Applied Energy, Vol.233, 644-658, 2019
Electric vehicles' impacts on residential electric local profiles - A stochastic modelling approach considering socio-economic, behavioural and spatial factors
This paper presents a stochastic bottom-up model to assess electric vehicles' (EV) impact on load profiles at different parking locations as well as their potential for load management strategies. The central innovation lies in the consideration of socio-economic, technical and spatial factors, all of which influence charging electricity demand and behaviour at different locations. Based on a detailed statistical analysis of a large dataset on German mobility, the most statistically significant influencing factors on residential charging behaviour could be identified. Whilst household type and economic status are the most important factors for the number of cars per household, the driver's occupation has the strongest influence on the first departure time and parking time whilst at work.

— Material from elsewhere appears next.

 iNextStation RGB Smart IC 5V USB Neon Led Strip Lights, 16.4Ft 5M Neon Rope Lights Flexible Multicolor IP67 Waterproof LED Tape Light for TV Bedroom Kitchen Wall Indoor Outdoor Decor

EV use is modelled using an inhomogeneous Markov-chain to sample a sequence of destinations of each car trip, depending (amongst other factors) on the occupation of the driver, the weekday and the time of the day. Probability distributions for the driven kilometres, driving durations and parking durations are used to model presence at a charger and calculate electricity demand. The probability distributions are retrieved from a national mobility dataset of 70,000 car trips and filtered for a set of socio-economic and demographic factors. Individual charging behaviour is included in the model using a logistic function accounting for the sensitivity of the driver towards (low) battery SOC. The model output is compared to the mobility dataset to test its validity and shown to have a deviation in key household mobility characteristics of just a few percentage points. The model is then employed to analyse the impact of uncontrolled charging of EV on the residential load profile. It is found that the absolute load peaks will increase by up to a factor of 8.5 depending on the loading infrastructure, the load in high load hours will increase by approx. a factor of three and annual electricity demand will approximately double.